__EXCERPTED DATA__.
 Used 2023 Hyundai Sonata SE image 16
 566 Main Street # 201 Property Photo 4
---
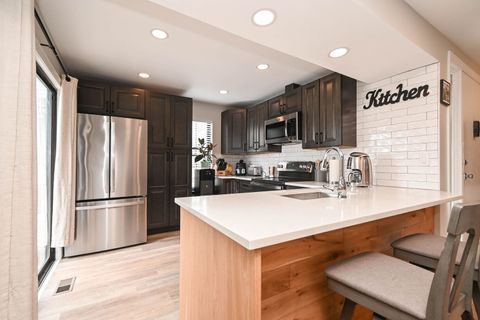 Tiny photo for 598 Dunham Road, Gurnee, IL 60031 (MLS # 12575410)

__EXERCISE DIRECTIONS__.
From the material above, copy exactly the lines between the line holding "Used 2023 Hyundai Sonata SE image 16" and the line holding "566 Main Street # 201 Property Photo 4", inclusive, and only those.

__RESPONSE__.
 Used 2023 Hyundai Sonata SE image 16
 566 Main Street # 201 Property Photo 4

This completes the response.